Morningstar reported an estimated $980 million in annual fees for the 12 months ending in the December 2024 quarter across all 21 KiwiSaver providers. This was up 6.7% from the $918 million estimated annual fees for the 12 months ending in the September 2024 quarter.
Bunkall said Westpac had “noticeably” struggled on the default funds front compared to the performances of other default funds in the December quarter, while Simplicity had performed strongly across all time frames.
Morningstar measures KiwiSaver fund performance in its reports across three-month, one-year and three-year time frames.
There are six default KiwiSaver funds in NZ, provided by BNZ, Booster, Westpac, Fisher Funds, Simplicity and SuperLife.
Average multisector category returns for the December quarter “ranged significantly” from 1% for the conservative category and 5% for the aggressive category, Bunkall said.
“Quay Street continues to perform well across many time periods in the conservative and balanced categories. Milford has consistently high performance within the moderate, balanced and growth categories over the long term, albeit struggling a little recently. Generate is putting up strong numbers across many time periods,” he said.
On an individual funds performance level, QuayStreet Conservative was the best performing fund in the conservative category during the December 2024 quarter, up 2.4%.

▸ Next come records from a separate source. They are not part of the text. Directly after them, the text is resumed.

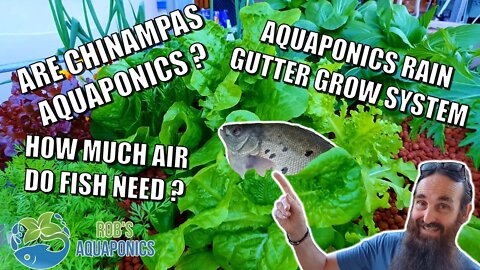 Are Chinampas Aquaponics - How much Air for fish - Rain Gutter Grow System and MORE 🐟🥬🍓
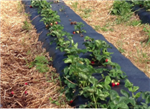 Optimiser la lutte aux mauvaises herbes pour une production de fraises sur plastique sous régie biologique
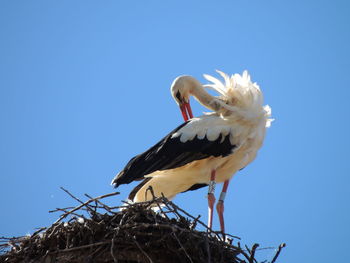 Low angle view of stork perching on nest against clear blue sky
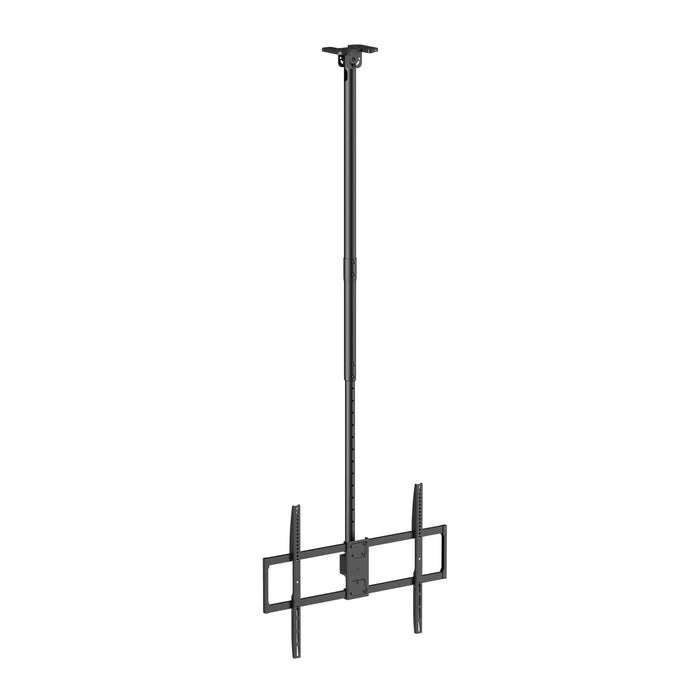 Support de plafond Wolff 50-100 pouces – Super solide, pivotant et réglable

In the moderate category, Generate Moderate was up the most, up 2.9% and QuayStreet Socially Responsible Investment Fund was the best performer in the balanced category, rising 8.1%.
QuayStreet Growth had the best performance in the growth category for the second quarter in a row, and was up 7.9% across the quarter.
In the aggressive category, QuayStreet High Growth Fund was the top performing fund, up 11.2%.
Across a 10-years benchmark, which is Morningstar’s preferred long-term performance measurement, Bunkall said the aggressive category average has given investors an annualized return of 9.3%.
Next in line came the growth category, giving an average return of 8.3%, followed by the balanced category at 6.7%, the moderate category at 4.7%, and the conservative category at 4.3%.
‘Mixed bag’
Bunkall said the final quarter of 2024 had presented a “mixed bag” for NZ’s economy.
“While some indicators pointed towards a potential upswing, others suggested continued headwinds,” he said.
“Globally, economic uncertainty persisted, with geopolitical tensions and varying growth trajectories across major economies.”
Bunkall said NZ inflation had continued its downward trend during the December quarter, nearing the upper band of the Reserve Bank's target range of 2%. Headline inflation is currently sitting at 2.2%.
“This easing of inflationary pressures provides some relief for households and businesses, but vigilance remains crucial to ensure price stability,” he said.